Not quite a NFL sideline photographer yet but hey, it's a start lol. I'm working as photographer for the Trenton Freedom, an expansion Professional Indoor Football League (PIFL) team based out of Trenton, NJ...which is very convenient as I live in Philly. My main responsibility is going to be action shots for the websites/media guides/programs/etc., but over the course of the tryouts they also had me taking shots of every tryout participant with their bib number, some shots of the area, along with other general things. It's been a great experience so far and I'm so beyond excited!

I've also been working and talking a lot with the broadcasting school that's taking care of all the broadcasting/video duties.

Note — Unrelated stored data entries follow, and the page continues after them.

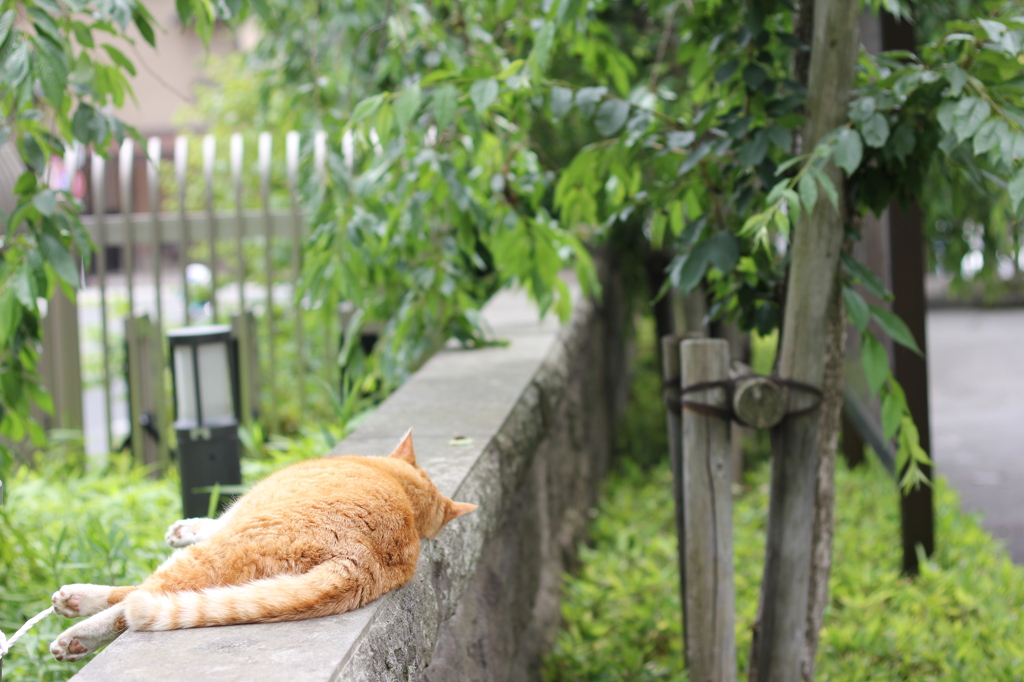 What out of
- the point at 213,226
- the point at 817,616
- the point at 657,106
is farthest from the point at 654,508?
the point at 213,226

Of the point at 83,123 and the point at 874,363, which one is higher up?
the point at 83,123

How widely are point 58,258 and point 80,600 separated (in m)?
0.99

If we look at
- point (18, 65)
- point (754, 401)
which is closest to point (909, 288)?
point (754, 401)

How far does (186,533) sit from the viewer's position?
1423 mm

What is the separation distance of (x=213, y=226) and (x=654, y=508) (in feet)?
9.46

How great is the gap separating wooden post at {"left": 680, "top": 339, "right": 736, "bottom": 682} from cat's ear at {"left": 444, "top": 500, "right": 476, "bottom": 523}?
0.84 meters

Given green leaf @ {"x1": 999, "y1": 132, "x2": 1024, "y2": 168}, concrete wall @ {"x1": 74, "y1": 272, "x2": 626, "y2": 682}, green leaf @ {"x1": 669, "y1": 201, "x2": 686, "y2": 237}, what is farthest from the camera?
green leaf @ {"x1": 669, "y1": 201, "x2": 686, "y2": 237}

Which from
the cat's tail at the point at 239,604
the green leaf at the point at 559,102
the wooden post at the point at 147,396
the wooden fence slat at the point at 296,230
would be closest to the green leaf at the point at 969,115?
the green leaf at the point at 559,102

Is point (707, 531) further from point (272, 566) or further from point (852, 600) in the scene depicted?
point (272, 566)

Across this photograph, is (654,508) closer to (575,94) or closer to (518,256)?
(518,256)

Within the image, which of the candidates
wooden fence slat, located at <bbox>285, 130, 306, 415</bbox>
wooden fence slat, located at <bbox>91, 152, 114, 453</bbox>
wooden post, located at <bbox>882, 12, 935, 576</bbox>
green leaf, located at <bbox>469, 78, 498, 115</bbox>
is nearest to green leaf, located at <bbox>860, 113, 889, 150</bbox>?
green leaf, located at <bbox>469, 78, 498, 115</bbox>

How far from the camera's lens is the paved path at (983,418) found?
176 inches

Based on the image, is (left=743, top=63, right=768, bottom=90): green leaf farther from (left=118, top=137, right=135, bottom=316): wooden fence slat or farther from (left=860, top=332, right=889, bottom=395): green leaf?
(left=118, top=137, right=135, bottom=316): wooden fence slat

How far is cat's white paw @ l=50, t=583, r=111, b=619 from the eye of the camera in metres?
Result: 1.26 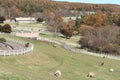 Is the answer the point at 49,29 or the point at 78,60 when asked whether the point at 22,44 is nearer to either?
the point at 78,60

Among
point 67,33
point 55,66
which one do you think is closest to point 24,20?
point 67,33

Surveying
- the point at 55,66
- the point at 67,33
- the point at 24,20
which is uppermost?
the point at 55,66

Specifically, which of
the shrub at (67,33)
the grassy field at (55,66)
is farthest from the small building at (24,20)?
Result: the grassy field at (55,66)

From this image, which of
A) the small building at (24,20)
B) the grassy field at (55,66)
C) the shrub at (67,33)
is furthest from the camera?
the small building at (24,20)

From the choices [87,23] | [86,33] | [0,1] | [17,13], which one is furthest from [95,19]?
[0,1]

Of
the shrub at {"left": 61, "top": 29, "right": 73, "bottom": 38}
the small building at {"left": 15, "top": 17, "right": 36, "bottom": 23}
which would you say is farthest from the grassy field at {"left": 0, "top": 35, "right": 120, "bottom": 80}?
the small building at {"left": 15, "top": 17, "right": 36, "bottom": 23}

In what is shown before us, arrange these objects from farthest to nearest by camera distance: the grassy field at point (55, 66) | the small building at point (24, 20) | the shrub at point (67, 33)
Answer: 1. the small building at point (24, 20)
2. the shrub at point (67, 33)
3. the grassy field at point (55, 66)

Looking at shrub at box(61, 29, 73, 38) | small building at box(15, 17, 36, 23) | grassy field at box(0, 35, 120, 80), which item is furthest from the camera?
small building at box(15, 17, 36, 23)

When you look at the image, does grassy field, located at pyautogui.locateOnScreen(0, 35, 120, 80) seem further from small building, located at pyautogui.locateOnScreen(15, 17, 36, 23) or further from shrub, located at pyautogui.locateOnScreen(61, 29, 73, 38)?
small building, located at pyautogui.locateOnScreen(15, 17, 36, 23)

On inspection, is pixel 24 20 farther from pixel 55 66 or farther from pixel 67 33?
pixel 55 66

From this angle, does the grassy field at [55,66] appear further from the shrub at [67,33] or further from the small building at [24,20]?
the small building at [24,20]

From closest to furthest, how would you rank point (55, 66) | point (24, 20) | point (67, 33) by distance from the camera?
point (55, 66)
point (67, 33)
point (24, 20) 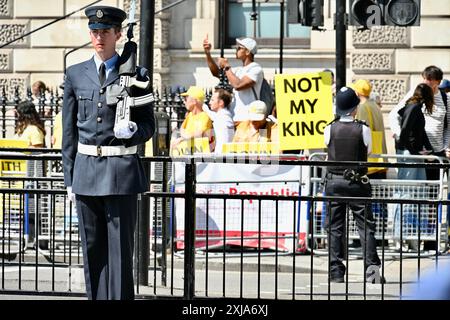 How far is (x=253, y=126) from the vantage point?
47.5 feet

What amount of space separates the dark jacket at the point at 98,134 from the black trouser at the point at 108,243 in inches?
3.9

I'm learning a hell of a lot already. 

Here are some of my photos from the most recent tryout:

1. View from the Owners' Box (Sigma 15mm f/2.8 diagonal fisheye)

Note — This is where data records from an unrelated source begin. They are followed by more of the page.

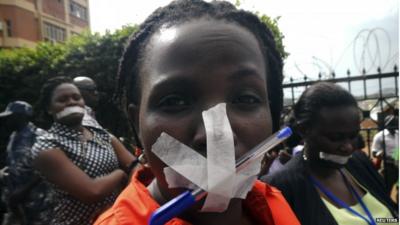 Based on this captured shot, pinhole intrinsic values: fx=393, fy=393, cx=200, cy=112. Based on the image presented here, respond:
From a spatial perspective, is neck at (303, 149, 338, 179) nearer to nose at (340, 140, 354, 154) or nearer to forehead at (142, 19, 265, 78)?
nose at (340, 140, 354, 154)

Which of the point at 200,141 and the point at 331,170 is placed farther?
the point at 331,170

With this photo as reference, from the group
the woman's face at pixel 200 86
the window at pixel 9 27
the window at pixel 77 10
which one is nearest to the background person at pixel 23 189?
the woman's face at pixel 200 86

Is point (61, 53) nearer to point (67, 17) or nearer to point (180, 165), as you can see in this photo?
point (180, 165)

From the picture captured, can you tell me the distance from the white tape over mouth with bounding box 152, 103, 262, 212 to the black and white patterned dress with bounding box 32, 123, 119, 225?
1.50m

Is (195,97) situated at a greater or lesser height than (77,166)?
greater

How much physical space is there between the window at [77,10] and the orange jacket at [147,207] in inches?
1109

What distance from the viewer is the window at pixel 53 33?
2906 cm

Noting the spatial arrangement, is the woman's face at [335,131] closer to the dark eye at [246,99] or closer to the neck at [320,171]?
the neck at [320,171]

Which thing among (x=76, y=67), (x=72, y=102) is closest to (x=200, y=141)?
(x=72, y=102)

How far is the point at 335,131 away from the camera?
7.86 feet

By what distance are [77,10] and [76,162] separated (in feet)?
92.8

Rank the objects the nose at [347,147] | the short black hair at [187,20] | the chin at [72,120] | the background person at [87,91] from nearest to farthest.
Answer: the short black hair at [187,20] → the nose at [347,147] → the chin at [72,120] → the background person at [87,91]

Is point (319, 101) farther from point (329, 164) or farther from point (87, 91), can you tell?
point (87, 91)

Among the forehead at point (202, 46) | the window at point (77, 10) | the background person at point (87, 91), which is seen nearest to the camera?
the forehead at point (202, 46) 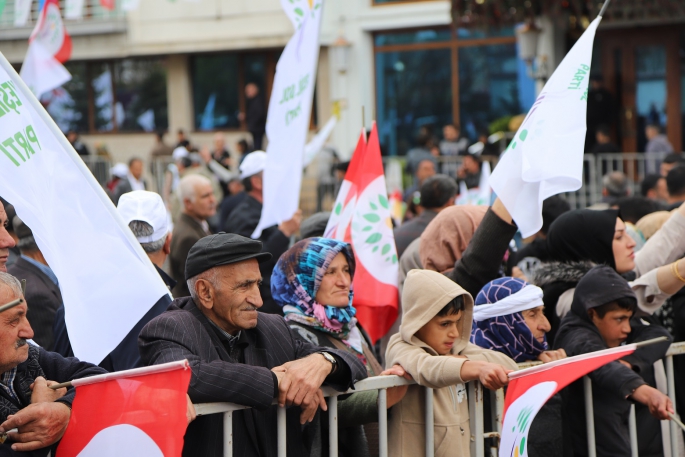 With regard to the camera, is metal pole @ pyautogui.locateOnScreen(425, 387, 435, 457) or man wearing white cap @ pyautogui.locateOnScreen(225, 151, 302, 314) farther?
man wearing white cap @ pyautogui.locateOnScreen(225, 151, 302, 314)

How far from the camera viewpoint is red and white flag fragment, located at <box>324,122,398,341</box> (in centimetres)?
536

BD1B0026 by SteveH8231, on Flickr

2. Arena from the end zone (Sigma 15mm f/2.8 diagonal fisheye)



BD1B0038 by SteveH8231, on Flickr

3. 



A31K1508 by SteveH8231, on Flickr

4.



A31K1577 by SteveH8231, on Flickr

5.



A31K1600 by SteveH8231, on Flickr

6.



A31K1771 by SteveH8231, on Flickr

7.



A31K1640 by SteveH8231, on Flickr

8.



A31K1766 by SteveH8231, on Flickr

All action shots taken with Canon 70-200 f/2.8


----------



## Derrel (Jan 21, 2014)

AWESOME, man! Good for you!!!!!!!!!!!!!!!


----------



## kathyt (Jan 21, 2014)

Congrats. What great experience for you.


----------



## ronlane (Jan 21, 2014)

Cool, congrats.


----------



## BrandonSCMedia (Jan 21, 2014)

Congrats on the job!


----------



## imagemaker46 (Jan 22, 2014)

Good for you, looking forward to seeing some of the game action. The bonus of shooting indoors is that you can cover more area with one lens. Have fun.


----------



## The_Traveler (Jan 22, 2014)

congratulations


----------



## Brand000n (Jan 22, 2014)

Wow, congratulations! I hope you keep us updated on your experience! How did you go about building a portfolio and applying for the position? Just the standard shoot high school games? 

Sent from my SPH-L710 using Tapatalk


----------



## vimwiz (Jan 22, 2014)

Wow, I never knew indoor american football existed.  Looks cool, congratulatioms!


----------



## BillM (Jan 22, 2014)

Congrats !!!!!


----------



## LarryLomona (Jan 22, 2014)

Congrats.:thumbup:


----------



## Nibbio (Feb 10, 2014)

Congratulations! Blessings!


----------



## Warhorse (Feb 10, 2014)

Very cool, congratulations!


----------